Rowe folded his arms, dawning a sad, sympathetic stare. She knew by his expression that he chose not to argue with her because he felt it useless. Her stubborn heart would never be swayed, and she would never believe the words of an invisible woman that chose only to speak in one man’s dreams.
“Regardless of what we believe, it matters very little now. For whatever reason, Keleir isn’t coming back.” He waited, letting the finality of that sink in. He read the panic in her eyes, and he imagined the soul behind them bashing against the walls, wanting desperately to shatter free and go where she pleased. “I leave for Salara at the end of the month, and I will attempt to finish our mission, alone. I’ve agreed to supply Darshan with the aid he needs in exchange for his word that Yarin will not be harmed. However, since I trust Darshan’s men about as much as I like Yarin, I want you to try to overpower your father or at least lock him away before someone gets the itch to kill him out of vengeance.”

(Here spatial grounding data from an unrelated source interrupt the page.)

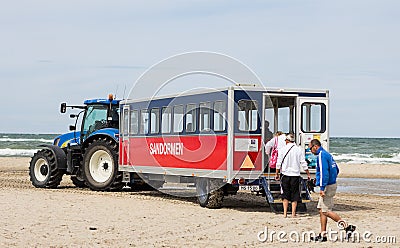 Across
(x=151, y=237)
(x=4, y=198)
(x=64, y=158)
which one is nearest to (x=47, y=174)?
(x=64, y=158)

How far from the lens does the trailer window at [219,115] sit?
1495 cm

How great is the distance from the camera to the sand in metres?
11.3

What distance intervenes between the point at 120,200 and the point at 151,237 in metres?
5.80

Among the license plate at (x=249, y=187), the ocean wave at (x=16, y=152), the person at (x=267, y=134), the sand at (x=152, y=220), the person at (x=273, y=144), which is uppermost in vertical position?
the person at (x=267, y=134)

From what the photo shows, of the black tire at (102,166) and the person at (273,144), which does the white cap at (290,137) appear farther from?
the black tire at (102,166)

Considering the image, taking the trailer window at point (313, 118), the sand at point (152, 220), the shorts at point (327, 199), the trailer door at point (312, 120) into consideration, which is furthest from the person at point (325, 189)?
the trailer window at point (313, 118)

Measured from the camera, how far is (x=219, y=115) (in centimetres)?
1513

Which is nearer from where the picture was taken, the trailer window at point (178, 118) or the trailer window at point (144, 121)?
the trailer window at point (178, 118)

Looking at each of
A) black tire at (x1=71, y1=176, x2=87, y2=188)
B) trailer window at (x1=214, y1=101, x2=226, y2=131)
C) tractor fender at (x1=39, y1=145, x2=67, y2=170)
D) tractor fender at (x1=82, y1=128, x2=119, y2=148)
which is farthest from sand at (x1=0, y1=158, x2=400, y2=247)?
black tire at (x1=71, y1=176, x2=87, y2=188)

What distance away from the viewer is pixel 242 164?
48.8ft

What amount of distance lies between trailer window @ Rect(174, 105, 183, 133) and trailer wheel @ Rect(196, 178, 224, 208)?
135cm

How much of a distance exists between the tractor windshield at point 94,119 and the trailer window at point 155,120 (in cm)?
298

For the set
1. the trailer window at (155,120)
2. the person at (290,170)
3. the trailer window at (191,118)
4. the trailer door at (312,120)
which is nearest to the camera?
the person at (290,170)

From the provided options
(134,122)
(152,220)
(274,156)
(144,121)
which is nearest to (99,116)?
(134,122) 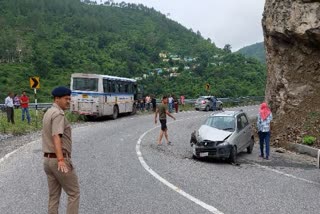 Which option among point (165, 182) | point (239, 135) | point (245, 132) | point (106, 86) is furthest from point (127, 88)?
point (165, 182)

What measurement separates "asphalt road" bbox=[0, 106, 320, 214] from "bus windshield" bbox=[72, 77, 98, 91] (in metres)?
12.8

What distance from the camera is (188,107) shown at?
160ft

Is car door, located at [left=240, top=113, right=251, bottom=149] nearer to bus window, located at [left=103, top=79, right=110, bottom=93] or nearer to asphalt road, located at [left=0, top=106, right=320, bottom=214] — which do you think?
asphalt road, located at [left=0, top=106, right=320, bottom=214]

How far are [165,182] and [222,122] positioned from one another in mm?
5609

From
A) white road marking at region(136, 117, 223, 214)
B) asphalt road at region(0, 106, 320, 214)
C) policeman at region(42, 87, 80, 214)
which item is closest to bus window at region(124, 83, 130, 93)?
asphalt road at region(0, 106, 320, 214)

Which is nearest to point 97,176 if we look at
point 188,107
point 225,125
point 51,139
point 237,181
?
point 237,181

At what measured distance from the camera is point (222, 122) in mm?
14875

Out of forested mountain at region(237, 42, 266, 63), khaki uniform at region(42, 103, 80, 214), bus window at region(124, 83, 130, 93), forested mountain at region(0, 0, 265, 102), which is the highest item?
forested mountain at region(237, 42, 266, 63)

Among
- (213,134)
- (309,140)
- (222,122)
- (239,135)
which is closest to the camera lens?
(213,134)

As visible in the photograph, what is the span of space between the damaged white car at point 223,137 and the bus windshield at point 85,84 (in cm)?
1471

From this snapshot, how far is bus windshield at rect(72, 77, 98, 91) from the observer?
28625mm

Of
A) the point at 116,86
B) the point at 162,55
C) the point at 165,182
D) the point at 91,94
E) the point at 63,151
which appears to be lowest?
the point at 165,182

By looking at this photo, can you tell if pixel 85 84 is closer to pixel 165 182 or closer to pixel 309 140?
pixel 309 140

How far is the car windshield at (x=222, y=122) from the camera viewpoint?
14555 mm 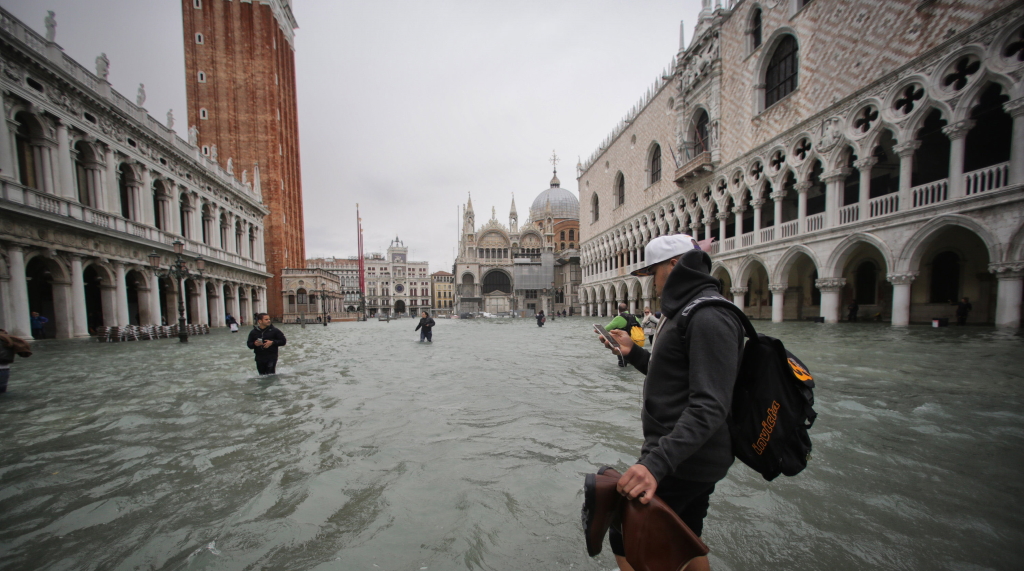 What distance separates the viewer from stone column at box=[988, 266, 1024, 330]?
34.2 ft

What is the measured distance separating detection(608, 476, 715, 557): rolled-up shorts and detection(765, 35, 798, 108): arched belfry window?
71.0 ft

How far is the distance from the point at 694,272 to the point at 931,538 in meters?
2.32

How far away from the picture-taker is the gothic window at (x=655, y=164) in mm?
30030

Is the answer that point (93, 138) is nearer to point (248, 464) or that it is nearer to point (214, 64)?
point (248, 464)

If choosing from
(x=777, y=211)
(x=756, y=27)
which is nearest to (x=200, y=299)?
(x=777, y=211)

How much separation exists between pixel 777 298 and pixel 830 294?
2.64 metres

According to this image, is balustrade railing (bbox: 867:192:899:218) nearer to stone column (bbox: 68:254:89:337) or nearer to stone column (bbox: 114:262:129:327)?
stone column (bbox: 68:254:89:337)

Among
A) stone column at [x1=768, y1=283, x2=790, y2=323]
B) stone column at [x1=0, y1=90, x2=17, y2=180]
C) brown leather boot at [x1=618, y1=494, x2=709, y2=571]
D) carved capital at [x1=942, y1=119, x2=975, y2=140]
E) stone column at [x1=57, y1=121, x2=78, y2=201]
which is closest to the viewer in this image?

The stiffness in Saran’s shoulders melted. The fluttering wildness of her eyes eased into sorrow. “Has that much time passed?”
Rowe nodded. “It has. I was hoping… I’d hoped he’d come back. If something should go wrong, it would be nice to see him one last time. I want to apologise to him for what happened before he left. It was fear and selfishness talking… I didn’t mean any of it.” His eyes glossed with tears.
Saran reached out to him, despite her anger, and she held him tight. She stared out his window to the balcony, which looked so much like his brother’s room. Her thoughts drifted back to the night Keleir flung himself from the railing to escape his monster, to protect them all from it. Her throat grew dry, but she forced the thought aloud anyway, “We should have gone away, like he wanted.”
The Lightning Mage nodded, burrowing his face against her warm neck. “I know.”